La Cour de cassation devait déterminer si cette interprétation jurisprudentielle de l’article L. 622-14 du code de commerce méconnaissait le droit de propriété du bailleur de manière suffisamment caractérisée pour justifier le renvoi de la question au Conseil constitutionnel.

La chambre commerciale dit n’y avoir lieu de renvoyer la question au Conseil constitutionnel. Elle retint que « l’interprétation jurisprudentielle de l’article L. 622-14 du code de commerce selon laquelle le juge-commissaire ne peut prononcer ou constater la résiliation du bail commercial pour des loyers impayés échus postérieurement au jugement d’ouverture du preneur lorsque, à la date où il statue, la créance de loyer a été intégralement payée, se justifie par l’objectif d’intérêt général de préserver le redressement ou la cession de l’entreprise ». Elle ajouta que cette interprétation « ne porte pas une atteinte disproportionnée aux conditions d’exercice du droit de propriété du bailleur au regard de l’objectif ainsi poursuivi ».

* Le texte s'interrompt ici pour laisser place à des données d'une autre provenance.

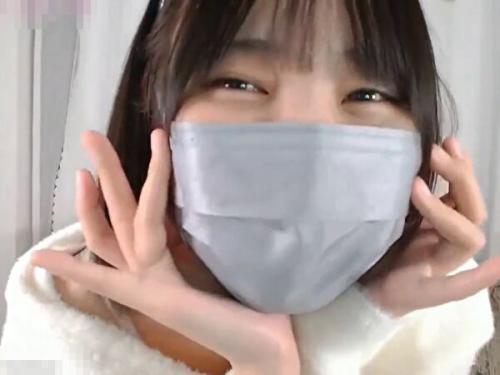 「グチャグチャになってきた…おもらししちゃうところ見てくれる？」淫語連発パイパンビッチ美少女【無修正ライブチャット】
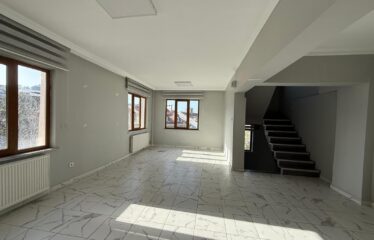 EMİRGAN 5-STOREY BUILDING FOR SALE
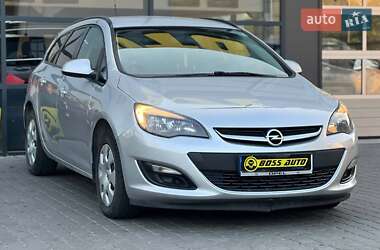 Универсал Opel Astra 2014 в Ивано-Франковске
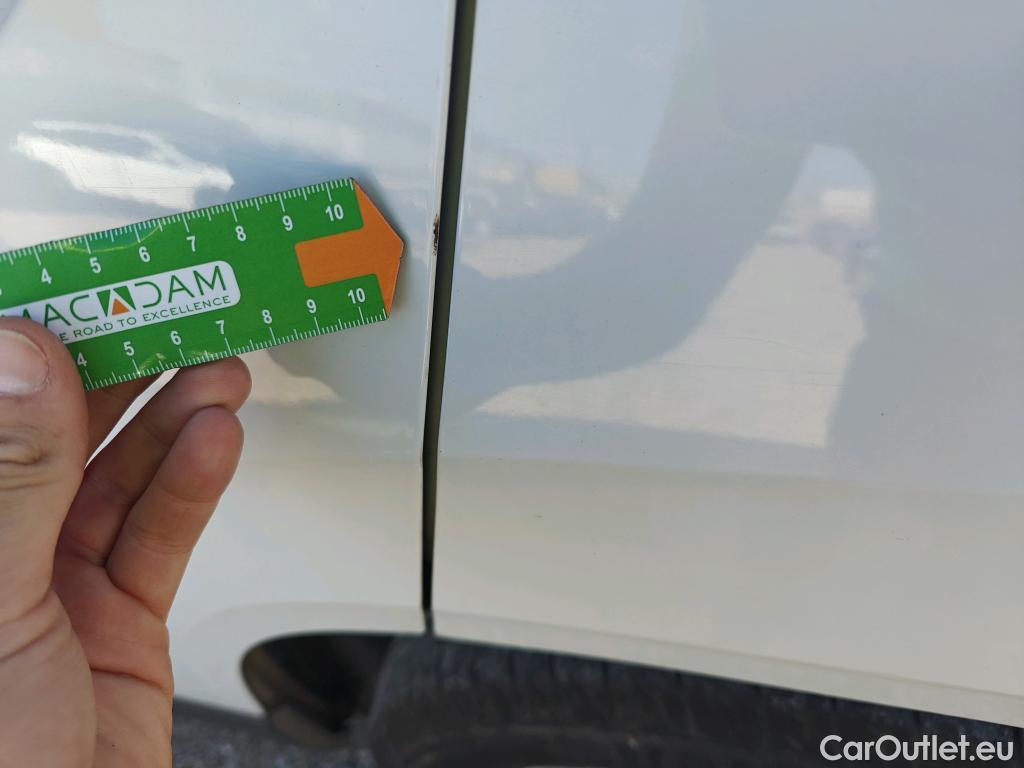  Skoda  Karoq SKODA  / 2017 / 5P / todoterreno 2.0 TDI 110kW (150CV) DSG 4X4 Ambition #8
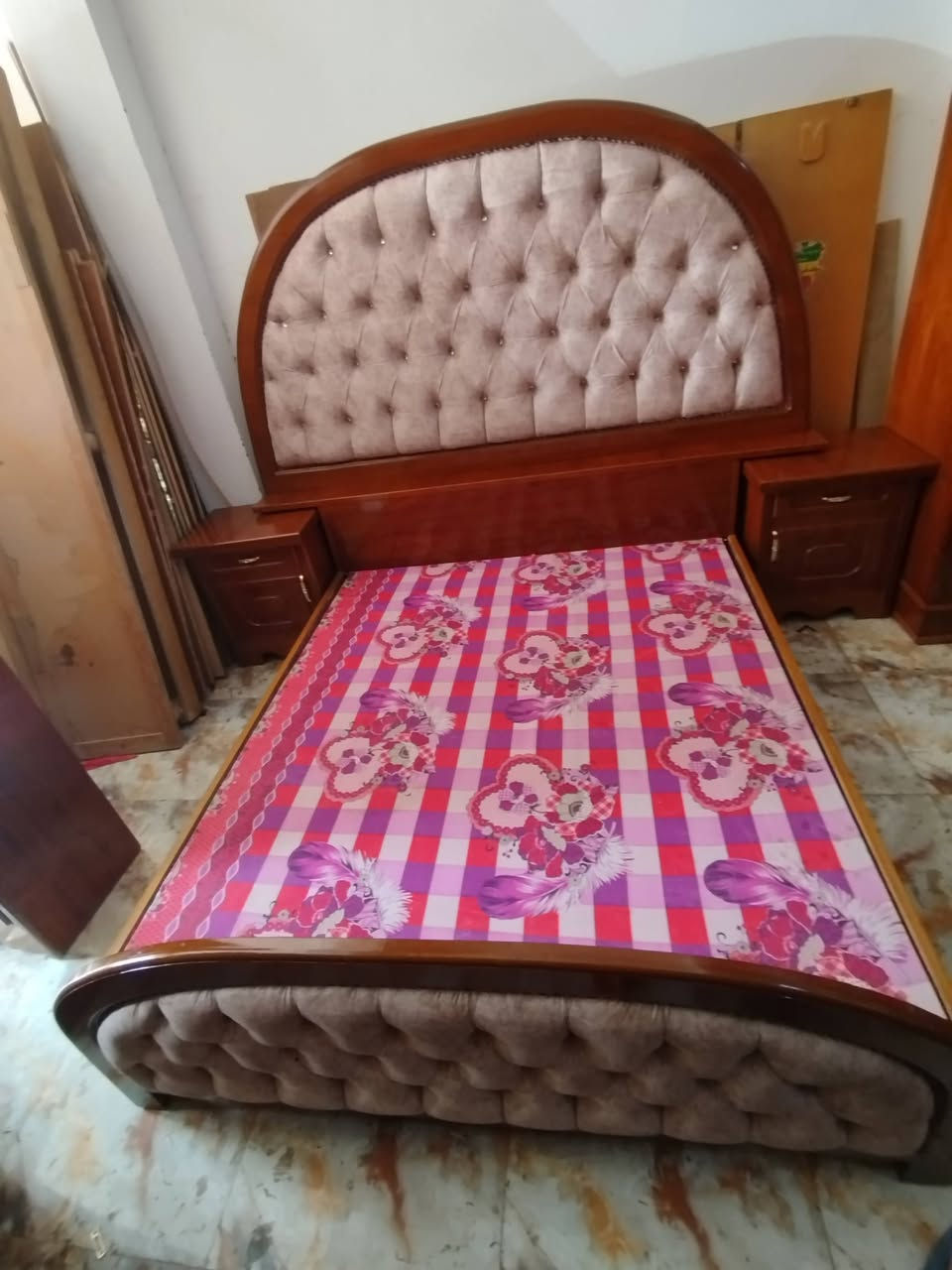 غرفه أم خمسة تزكام للبيع 
ضهر جرجوبه داخل وخارج صاج
العنوان العزه القديمة 
***********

Cet arrêt consacre la primauté de l’objectif de sauvegarde de l’entreprise sur les prérogatives individuelles du bailleur (I), tout en révélant les limites du contrôle de constitutionnalité des interprétations jurisprudentielles (II).

I. La primauté de l’objectif de sauvegarde sur les prérogatives du bailleur

L’arrêt confirme l’existence d’un régime dérogatoire du bail en procédure collective (A), légitimé par la poursuite d’un intérêt général économique (B).

A. Le régime dérogatoire du bail en procédure collective

L’article L. 622-14 du code de commerce organise un régime spécifique de résiliation des baux commerciaux lorsque le preneur fait l’objet d’une procédure collective. Ce texte déroge au droit commun du bail, qui permettrait au bailleur d’obtenir la résiliation pour défaut de paiement des loyers sur le fondement de la clause résolutoire ou par voie judiciaire.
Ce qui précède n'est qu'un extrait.